Power sector regulations from the EPA are likely on shakier ground, said Freeman. While the Federal Power Act's terms give FERC more latitude to set interstate electricity policy, the language of the Clean Air Act can be "quite precise" in what powers it grants EPA.
"There may be differences because of the statute and I think Kavanaugh would look very carefully at what the statutory authority is and then what the agency's reasoning is and what their record is," Freeman said. "I do think he takes them case by case, but it's all approached with this general skepticism toward overreach."
That skepticism would likely lead Kavanaugh to vote against many of the EPA's more ambitious regulatory programs dating back to the Obama administration, like the Clean Power Plan, which sought to limit carbon emissions from power plants until President Trump withdrew it for changes.
During a 2015 D.C. Circuit hearing on the regulation, Kavanaugh sharply questioned EPA lawyers over the rule's provision allowing power plants to comply by purchasing emissions credits from other generators. Such "generation shifting" is not permitted under the Clean Air Act, critics of the regulation argued.
"There's no way to leave that argument thinking he was going to vote to uphold that plan," Freeman said.
But even if he acts to curtail EPA's regulatory latitude, energy lawyers do not expect Kavanaugh to take aim at the foundations of its authority, such as the 2008 case Massachusetts vs.
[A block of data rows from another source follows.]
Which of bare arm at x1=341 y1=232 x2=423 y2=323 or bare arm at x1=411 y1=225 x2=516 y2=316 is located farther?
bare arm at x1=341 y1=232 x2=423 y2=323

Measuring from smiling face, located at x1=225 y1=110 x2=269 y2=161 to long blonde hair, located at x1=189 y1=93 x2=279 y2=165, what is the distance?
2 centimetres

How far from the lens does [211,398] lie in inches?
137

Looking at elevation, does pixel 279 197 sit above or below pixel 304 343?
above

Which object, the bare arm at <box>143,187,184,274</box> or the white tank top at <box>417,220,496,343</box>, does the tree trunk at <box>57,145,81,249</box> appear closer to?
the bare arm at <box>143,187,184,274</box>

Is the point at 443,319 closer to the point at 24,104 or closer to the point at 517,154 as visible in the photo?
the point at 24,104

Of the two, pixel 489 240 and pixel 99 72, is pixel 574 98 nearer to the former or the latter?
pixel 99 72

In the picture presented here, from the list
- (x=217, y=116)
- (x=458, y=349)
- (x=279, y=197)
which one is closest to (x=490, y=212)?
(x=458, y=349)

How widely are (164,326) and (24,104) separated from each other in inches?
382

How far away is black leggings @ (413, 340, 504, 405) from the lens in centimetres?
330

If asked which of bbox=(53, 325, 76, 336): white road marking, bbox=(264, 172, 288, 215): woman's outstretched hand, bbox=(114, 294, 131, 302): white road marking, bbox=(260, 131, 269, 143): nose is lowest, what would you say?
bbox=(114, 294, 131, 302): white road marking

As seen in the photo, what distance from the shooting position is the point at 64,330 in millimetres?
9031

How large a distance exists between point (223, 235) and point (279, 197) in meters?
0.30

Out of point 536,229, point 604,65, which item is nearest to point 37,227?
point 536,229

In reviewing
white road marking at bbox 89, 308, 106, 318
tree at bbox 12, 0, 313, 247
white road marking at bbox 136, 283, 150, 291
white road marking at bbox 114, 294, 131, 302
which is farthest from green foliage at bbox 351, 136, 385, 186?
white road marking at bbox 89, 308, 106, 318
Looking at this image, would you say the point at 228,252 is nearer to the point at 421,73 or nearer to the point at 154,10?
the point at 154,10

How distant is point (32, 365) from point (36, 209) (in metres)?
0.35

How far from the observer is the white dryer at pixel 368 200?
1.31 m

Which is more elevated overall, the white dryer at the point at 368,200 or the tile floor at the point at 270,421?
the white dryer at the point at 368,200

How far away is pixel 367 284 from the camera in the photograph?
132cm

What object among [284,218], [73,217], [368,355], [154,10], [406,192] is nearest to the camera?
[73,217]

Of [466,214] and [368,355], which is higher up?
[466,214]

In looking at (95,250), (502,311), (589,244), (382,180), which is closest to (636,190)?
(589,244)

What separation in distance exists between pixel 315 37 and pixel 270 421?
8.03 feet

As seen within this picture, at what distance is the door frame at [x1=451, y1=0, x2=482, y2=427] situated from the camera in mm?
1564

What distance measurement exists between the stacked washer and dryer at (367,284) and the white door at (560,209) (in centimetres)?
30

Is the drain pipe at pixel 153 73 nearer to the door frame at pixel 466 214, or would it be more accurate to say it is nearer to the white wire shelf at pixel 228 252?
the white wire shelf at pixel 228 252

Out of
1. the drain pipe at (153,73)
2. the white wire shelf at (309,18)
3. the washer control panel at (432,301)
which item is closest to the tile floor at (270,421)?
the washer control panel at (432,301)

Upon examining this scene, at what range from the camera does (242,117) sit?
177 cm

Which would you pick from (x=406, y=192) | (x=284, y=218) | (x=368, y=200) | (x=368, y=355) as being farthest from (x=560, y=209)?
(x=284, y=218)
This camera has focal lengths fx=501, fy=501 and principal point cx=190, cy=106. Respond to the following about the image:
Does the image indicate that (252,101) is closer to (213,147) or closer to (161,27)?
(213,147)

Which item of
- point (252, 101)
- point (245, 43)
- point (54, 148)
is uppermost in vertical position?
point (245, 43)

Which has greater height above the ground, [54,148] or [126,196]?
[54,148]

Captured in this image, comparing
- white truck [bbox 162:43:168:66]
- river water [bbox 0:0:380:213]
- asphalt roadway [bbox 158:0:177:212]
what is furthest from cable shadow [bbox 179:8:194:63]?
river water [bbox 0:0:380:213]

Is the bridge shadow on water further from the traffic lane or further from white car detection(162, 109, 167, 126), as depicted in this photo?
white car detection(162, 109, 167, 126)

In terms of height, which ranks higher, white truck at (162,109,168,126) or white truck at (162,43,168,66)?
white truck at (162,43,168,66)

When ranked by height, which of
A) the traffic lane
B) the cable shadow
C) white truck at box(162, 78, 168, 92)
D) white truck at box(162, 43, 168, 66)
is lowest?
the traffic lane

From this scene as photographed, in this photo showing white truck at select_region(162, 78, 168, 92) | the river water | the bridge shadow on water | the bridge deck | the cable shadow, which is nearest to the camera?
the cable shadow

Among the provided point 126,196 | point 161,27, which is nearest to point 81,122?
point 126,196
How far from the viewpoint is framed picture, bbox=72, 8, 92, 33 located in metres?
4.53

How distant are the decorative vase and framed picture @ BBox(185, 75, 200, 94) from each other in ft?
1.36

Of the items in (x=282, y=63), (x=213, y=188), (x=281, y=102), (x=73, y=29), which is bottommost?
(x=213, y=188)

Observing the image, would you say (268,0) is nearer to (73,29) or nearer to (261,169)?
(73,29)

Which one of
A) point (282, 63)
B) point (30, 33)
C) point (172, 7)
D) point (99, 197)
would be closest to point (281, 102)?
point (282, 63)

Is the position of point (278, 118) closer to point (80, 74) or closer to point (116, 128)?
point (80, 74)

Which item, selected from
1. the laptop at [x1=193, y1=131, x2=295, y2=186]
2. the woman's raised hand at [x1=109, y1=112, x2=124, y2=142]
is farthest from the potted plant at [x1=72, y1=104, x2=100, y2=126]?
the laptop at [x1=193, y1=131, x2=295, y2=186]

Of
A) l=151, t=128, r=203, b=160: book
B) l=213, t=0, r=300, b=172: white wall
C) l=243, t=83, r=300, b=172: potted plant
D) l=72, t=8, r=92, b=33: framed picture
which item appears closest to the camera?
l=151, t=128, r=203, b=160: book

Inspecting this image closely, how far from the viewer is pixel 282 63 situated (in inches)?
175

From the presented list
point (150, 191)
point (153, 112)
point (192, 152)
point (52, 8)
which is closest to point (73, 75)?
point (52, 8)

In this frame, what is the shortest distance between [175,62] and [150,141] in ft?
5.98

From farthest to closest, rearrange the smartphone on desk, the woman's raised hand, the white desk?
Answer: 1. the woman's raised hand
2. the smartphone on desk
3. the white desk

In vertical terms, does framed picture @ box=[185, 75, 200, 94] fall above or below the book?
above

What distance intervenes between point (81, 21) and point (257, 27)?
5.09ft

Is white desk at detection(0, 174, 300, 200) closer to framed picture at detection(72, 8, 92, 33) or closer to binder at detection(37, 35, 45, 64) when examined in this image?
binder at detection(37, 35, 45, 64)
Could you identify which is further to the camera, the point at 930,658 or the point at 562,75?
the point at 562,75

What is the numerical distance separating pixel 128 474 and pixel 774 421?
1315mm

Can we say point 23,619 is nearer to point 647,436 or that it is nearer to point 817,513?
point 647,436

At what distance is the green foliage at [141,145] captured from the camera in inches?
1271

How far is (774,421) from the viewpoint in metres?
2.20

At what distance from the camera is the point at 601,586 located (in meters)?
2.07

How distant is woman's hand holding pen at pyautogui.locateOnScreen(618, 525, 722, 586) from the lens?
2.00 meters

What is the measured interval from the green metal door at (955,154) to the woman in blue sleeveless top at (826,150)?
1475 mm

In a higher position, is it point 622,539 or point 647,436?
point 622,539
EPA that compels the agency to regulate greenhouse gases under the Clean Air Act.
"You could imagine Kavanaugh not voting the way Kennedy voted in Mass vs. EPA, but that is very different from saying that he would now want to undo a recent precedent."
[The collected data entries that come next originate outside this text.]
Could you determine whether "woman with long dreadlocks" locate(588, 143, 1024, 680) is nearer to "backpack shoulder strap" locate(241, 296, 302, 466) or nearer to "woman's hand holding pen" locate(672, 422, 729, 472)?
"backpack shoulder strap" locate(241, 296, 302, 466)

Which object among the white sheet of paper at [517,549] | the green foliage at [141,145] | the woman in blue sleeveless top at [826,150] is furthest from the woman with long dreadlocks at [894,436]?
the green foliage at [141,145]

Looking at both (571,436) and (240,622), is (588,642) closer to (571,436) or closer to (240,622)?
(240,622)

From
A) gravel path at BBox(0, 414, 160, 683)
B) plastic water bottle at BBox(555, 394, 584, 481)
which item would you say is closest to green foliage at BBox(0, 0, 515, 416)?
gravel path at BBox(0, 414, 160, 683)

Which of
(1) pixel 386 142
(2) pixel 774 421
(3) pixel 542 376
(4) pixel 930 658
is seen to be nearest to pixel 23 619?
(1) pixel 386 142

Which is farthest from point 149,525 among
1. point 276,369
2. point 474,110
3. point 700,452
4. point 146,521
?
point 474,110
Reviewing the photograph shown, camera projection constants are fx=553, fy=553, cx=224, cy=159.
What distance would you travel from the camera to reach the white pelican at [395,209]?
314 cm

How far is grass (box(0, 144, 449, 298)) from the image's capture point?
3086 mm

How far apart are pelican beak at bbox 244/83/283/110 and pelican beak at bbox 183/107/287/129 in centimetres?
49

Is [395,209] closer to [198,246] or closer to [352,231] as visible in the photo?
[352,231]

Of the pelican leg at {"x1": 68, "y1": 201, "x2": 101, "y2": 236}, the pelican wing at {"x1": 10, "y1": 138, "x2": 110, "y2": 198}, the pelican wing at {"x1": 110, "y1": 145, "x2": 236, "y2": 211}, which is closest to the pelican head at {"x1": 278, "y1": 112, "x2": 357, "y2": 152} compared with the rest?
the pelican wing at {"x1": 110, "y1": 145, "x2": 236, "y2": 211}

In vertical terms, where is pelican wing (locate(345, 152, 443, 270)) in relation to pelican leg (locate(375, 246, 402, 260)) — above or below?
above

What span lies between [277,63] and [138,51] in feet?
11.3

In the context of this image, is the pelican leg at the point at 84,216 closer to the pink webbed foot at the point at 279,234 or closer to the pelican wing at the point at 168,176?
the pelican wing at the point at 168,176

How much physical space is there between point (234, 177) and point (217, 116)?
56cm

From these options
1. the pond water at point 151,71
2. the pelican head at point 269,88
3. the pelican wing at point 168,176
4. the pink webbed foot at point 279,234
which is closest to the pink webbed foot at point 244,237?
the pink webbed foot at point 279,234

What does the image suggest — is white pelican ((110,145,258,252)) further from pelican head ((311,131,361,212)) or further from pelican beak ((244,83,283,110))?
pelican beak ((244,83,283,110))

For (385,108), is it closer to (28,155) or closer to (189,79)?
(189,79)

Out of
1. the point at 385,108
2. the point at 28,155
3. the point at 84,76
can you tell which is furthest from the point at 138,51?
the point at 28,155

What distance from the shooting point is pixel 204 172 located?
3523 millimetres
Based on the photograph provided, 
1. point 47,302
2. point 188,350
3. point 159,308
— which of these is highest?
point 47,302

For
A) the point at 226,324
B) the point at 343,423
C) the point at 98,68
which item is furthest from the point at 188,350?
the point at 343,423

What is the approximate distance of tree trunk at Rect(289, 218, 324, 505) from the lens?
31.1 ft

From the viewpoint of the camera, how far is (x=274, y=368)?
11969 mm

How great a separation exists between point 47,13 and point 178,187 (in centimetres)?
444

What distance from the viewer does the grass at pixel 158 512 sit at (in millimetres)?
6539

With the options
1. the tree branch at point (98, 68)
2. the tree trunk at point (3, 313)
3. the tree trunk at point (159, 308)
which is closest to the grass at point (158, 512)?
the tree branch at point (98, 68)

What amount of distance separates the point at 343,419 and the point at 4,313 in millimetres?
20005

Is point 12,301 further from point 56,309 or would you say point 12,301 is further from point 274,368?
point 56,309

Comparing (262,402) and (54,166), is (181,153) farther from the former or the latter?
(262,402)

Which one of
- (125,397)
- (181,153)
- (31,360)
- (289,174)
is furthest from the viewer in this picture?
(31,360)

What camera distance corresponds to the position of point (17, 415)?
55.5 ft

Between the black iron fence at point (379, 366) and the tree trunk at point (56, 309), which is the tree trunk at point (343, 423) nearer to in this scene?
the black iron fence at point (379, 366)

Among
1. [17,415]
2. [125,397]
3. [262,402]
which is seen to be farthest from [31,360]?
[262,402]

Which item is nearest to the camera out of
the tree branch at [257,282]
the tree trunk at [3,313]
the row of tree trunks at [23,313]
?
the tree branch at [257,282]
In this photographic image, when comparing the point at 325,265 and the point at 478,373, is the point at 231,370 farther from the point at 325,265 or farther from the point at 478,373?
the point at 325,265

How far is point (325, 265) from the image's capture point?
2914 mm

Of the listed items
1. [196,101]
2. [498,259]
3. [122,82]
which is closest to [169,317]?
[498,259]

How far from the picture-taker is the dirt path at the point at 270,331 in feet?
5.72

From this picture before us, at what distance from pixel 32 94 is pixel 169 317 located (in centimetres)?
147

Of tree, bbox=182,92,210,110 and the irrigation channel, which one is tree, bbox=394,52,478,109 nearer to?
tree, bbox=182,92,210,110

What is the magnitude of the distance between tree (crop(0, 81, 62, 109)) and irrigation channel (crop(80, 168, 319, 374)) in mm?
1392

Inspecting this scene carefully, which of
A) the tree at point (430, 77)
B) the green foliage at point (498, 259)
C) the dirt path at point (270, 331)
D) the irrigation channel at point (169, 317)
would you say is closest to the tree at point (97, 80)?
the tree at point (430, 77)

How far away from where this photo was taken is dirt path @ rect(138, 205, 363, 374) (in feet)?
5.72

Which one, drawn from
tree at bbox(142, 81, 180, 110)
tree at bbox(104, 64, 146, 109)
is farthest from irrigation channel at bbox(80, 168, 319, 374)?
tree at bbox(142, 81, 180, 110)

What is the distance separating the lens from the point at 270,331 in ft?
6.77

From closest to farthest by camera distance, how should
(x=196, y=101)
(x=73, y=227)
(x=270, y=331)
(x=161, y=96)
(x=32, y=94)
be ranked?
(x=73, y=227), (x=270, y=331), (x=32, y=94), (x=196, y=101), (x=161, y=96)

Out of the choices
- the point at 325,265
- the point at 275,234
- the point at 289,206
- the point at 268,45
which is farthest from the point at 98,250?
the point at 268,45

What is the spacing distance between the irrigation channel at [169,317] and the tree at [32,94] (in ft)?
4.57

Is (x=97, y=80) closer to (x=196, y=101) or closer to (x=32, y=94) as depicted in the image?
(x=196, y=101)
Director, Environmental and Energy Law Program at Harvard Law School
Instead of a direct assault on that authority, Horowitz says Kavanaugh is more likely to use smaller findings around cost allocation or other technical rulemaking issues to roll back EPA's authority. He took that approach, she noted, in a 2015 opinion on the Mercury and Air Toxics Standards (MATS) that Justice Antonin Scalia drew heavily from when the Supreme Court ruled against the EPA regulations.
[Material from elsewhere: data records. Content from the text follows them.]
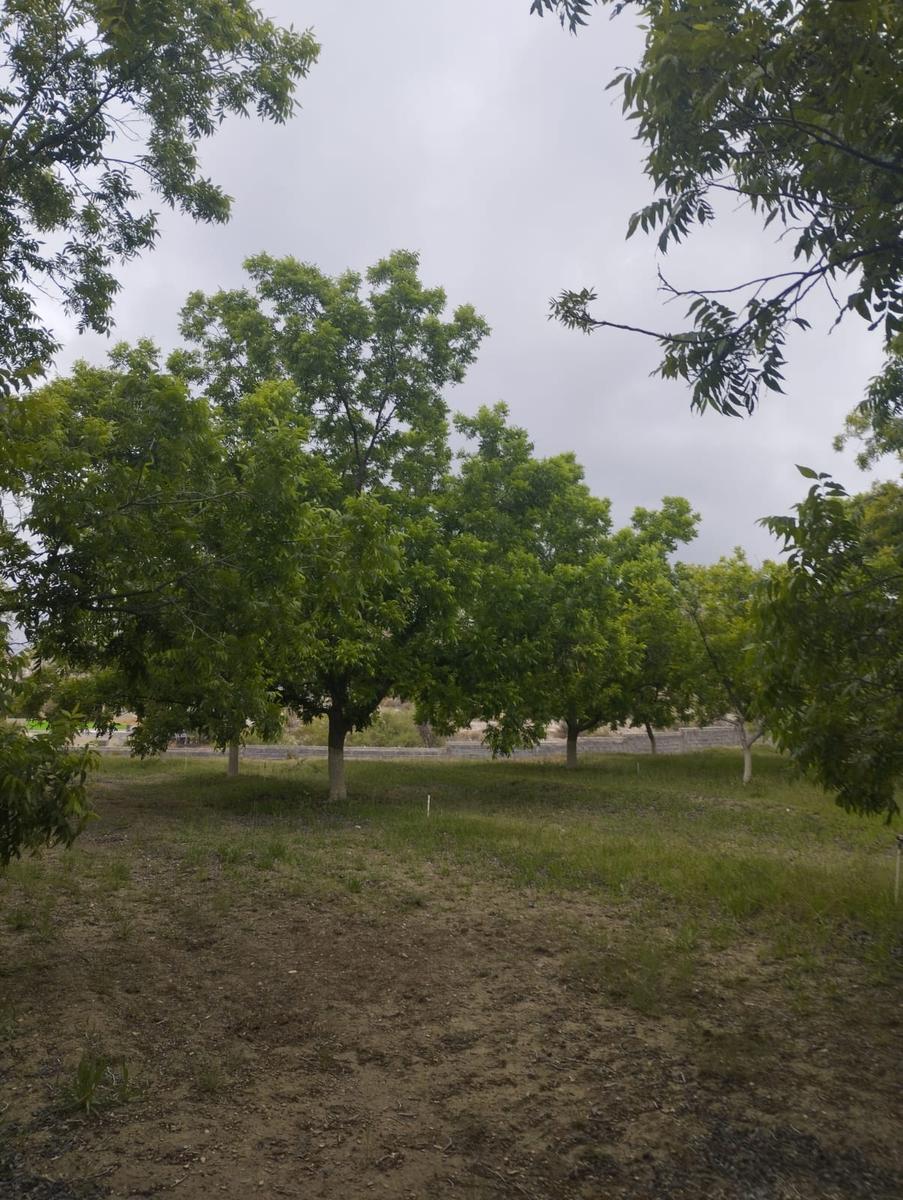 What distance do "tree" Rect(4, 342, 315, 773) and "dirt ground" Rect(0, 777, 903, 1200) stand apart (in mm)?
2657

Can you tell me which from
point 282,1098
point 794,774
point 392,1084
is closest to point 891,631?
point 794,774

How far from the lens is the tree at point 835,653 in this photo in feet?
20.9

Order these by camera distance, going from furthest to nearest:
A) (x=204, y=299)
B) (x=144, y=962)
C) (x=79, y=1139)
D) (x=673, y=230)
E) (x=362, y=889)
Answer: (x=204, y=299) → (x=362, y=889) → (x=144, y=962) → (x=673, y=230) → (x=79, y=1139)

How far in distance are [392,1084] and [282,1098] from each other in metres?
0.67

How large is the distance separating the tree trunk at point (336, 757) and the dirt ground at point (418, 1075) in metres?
11.7

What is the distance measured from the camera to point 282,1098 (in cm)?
530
"In that case, EPA rulemaking was struck down, not because EPA didn't do cost benefit analysis but it didn't do it at the right point in the rulemaking process," Horowitz said, "so that's a good example of the judicial branch generally and Kavanaugh specifically interpreting agency authority narrowly."
Throughout his career, Justice Kennedy was the swing vote on a number of critical environmental cases, including Mass vs. EPA, decided in a 5-4 vote. That has caused much hand-wringing in environmental circles that the new court could act to unravel longstanding regulations, but industry lawyers say Kavanaugh and his conservative allies will likely not seek to upend established precedents.
"You could imagine Kavanaugh not voting the way Kennedy voted in Mass vs. EPA, but that is very different from saying that he would now want to undo a recent precedent," Freeman said. "You don't need to undo a recent precedent in order to keep a close watch on an agency and prevent it from overreaching. You can still impose constraints on the agency just like Kavanaugh would when it comes to the Clean Power Plan."
Even if some in industry and conservative politics want the Supreme Court to challenge EPA's authority to regulate carbon, Cavender said the extensive record of public health and environmental findings on climate change would make it difficult for even a sympathetic court to overturn.
"There's just been so much litigation in the district courts on the greenhouse gases, I don't think they're going to pull it back," he said. "If he’s a conservative, they look at precedent. Precedent now is perhaps a very narrow precedent, but it's still there and until something comes along and make them change their mind like a Brown vs. Board of Education, I think that's going to hold."